**Exercise aim**
Your transcription must include every record word for word and no pictures.

#### Material provided

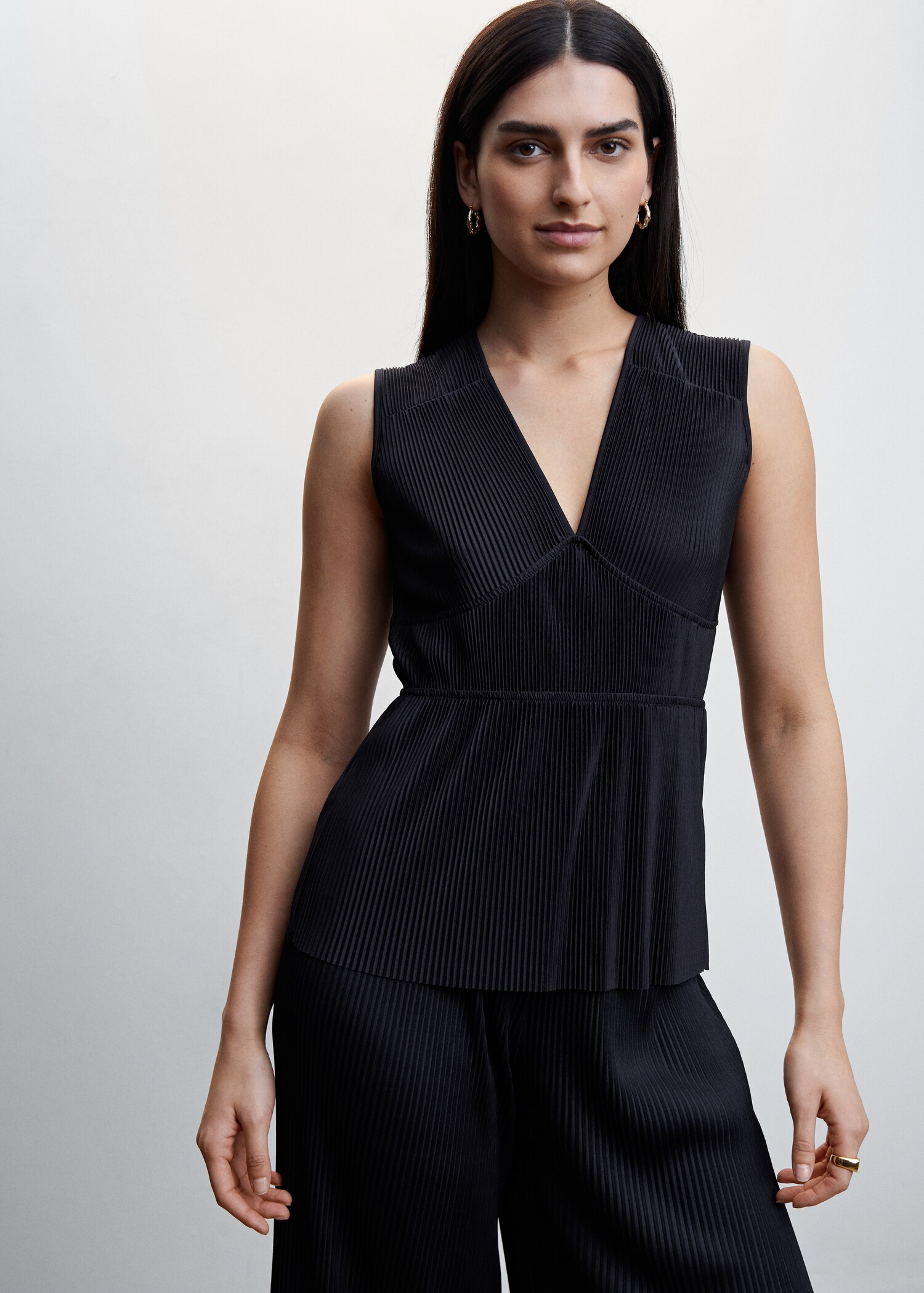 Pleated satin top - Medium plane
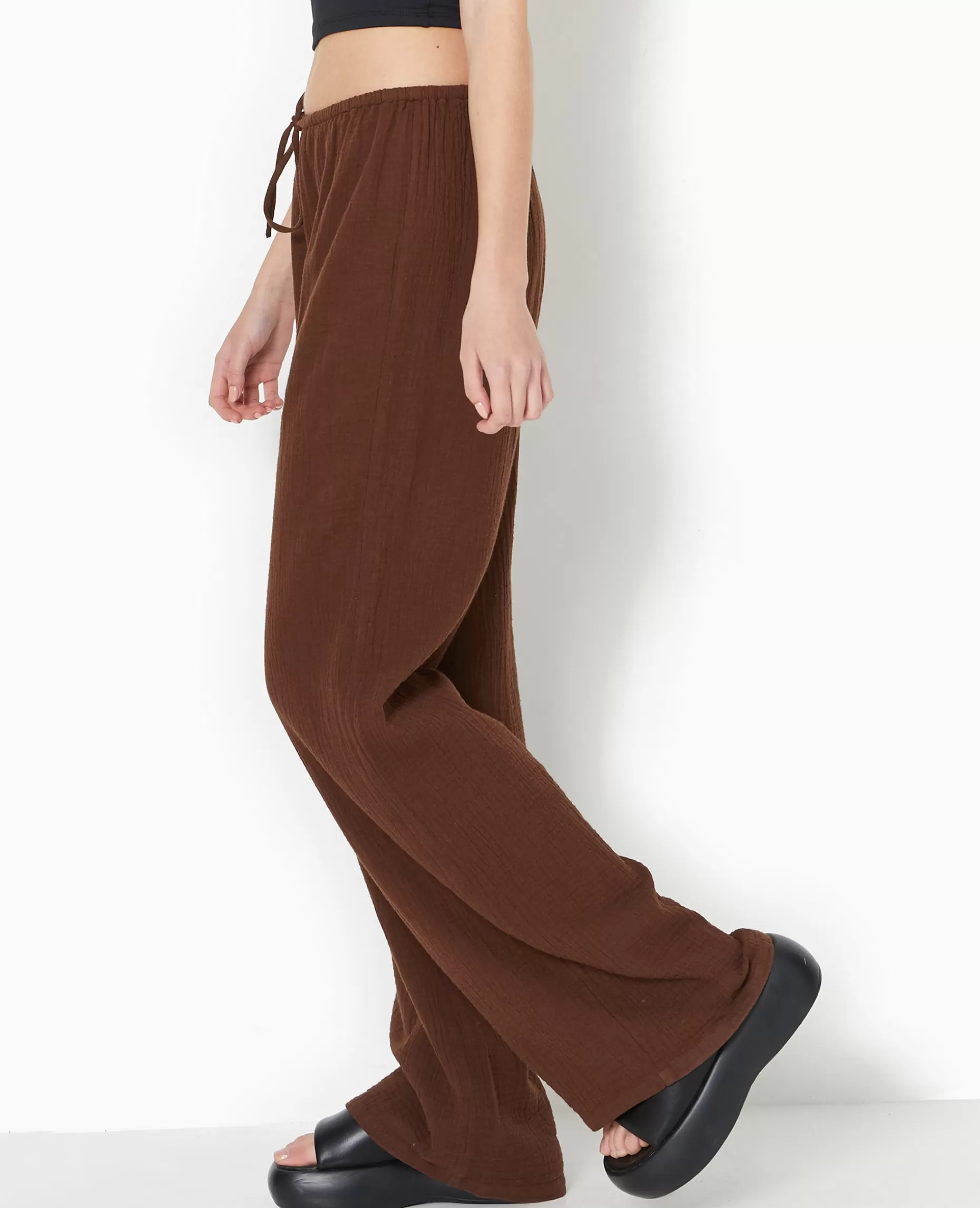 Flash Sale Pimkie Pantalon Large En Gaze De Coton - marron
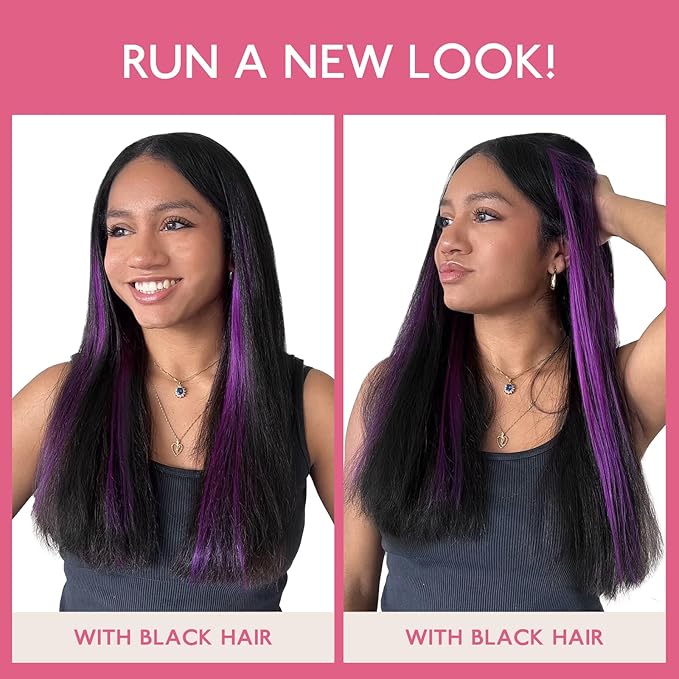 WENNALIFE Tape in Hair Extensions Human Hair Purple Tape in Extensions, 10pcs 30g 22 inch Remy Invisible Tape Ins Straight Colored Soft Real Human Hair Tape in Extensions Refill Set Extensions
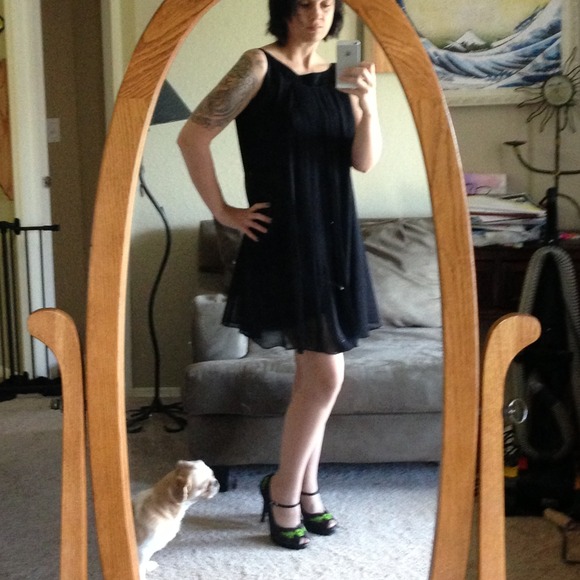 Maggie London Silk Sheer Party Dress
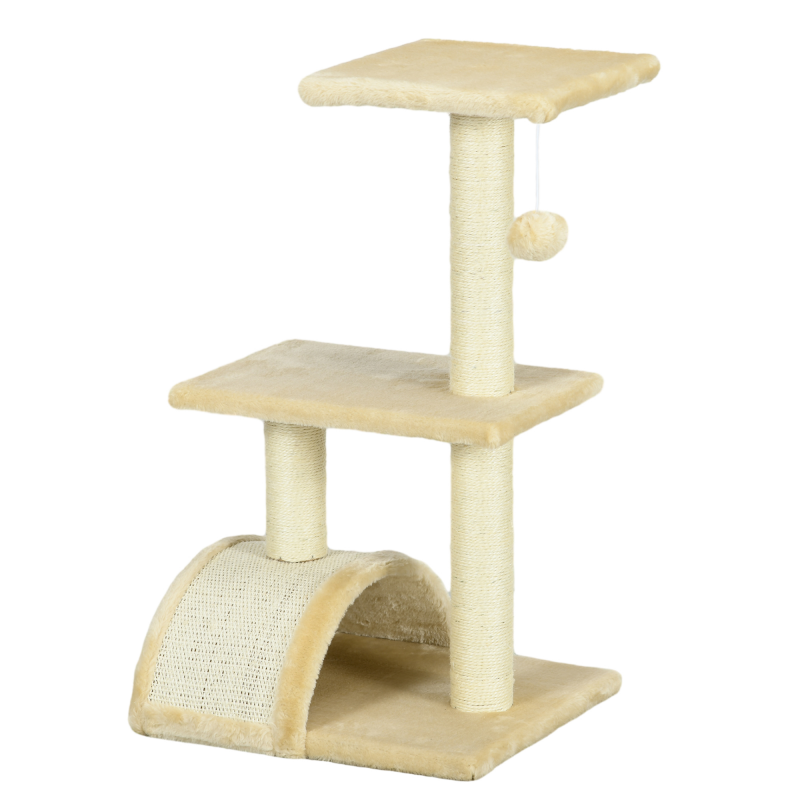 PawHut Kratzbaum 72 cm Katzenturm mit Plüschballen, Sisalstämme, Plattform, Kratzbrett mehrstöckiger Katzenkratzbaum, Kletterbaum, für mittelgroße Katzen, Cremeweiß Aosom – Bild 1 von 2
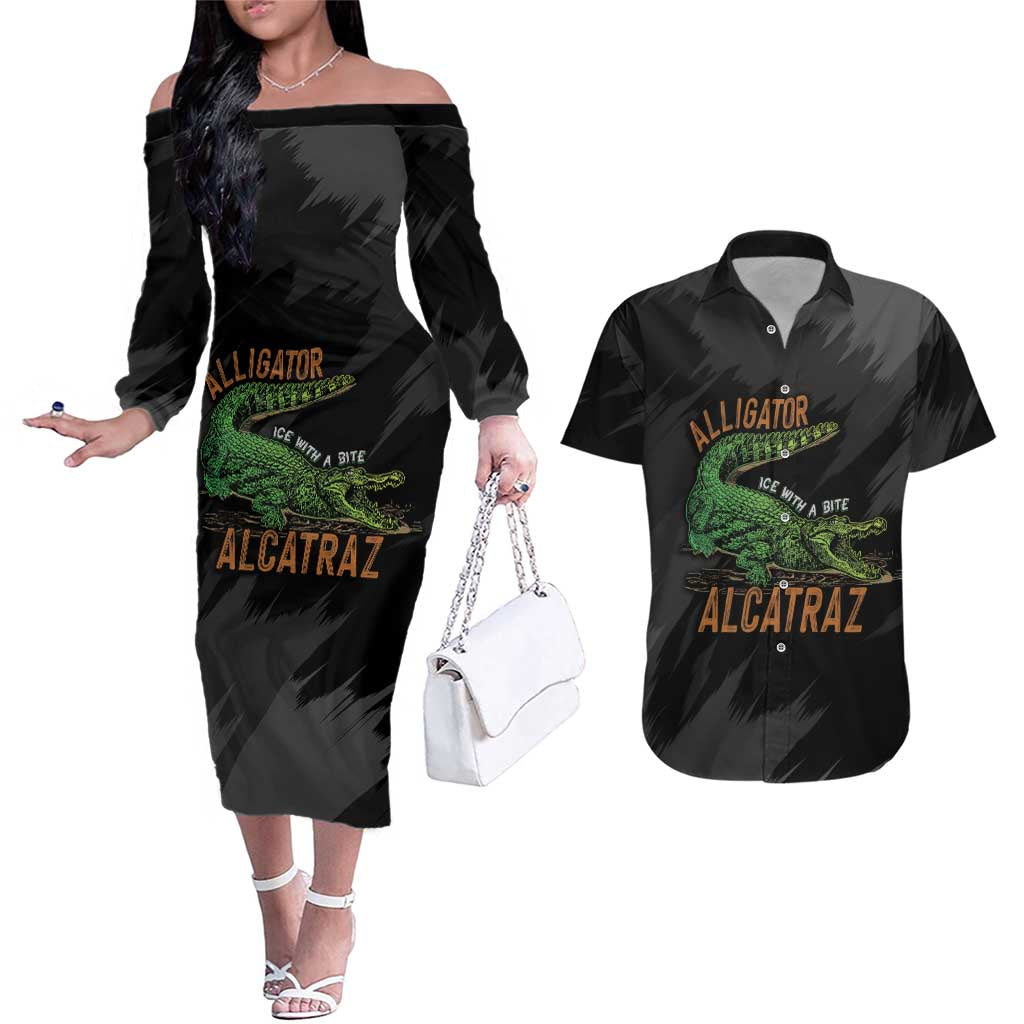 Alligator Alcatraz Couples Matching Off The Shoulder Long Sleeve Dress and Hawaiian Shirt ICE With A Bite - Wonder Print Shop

########

**Problem solution**
 Pleated satin top - Medium plane
 Flash Sale Pimkie Pantalon Large En Gaze De Coton - marron
 WENNALIFE Tape in Hair Extensions Human Hair Purple Tape in Extensions, 10pcs 30g 22 inch Remy Invisible Tape Ins Straight Colored Soft Real Human Hair Tape in Extensions Refill Set Extensions
 Maggie London Silk Sheer Party Dress
 PawHut Kratzbaum 72 cm Katzenturm mit Plüschballen, Sisalstämme, Plattform, Kratzbrett mehrstöckiger Katzenkratzbaum, Kletterbaum, für mittelgroße Katzen, Cremeweiß Aosom – Bild 1 von 2
 Alligator Alcatraz Couples Matching Off The Shoulder Long Sleeve Dress and Hawaiian Shirt ICE With A Bite - Wonder Print Shop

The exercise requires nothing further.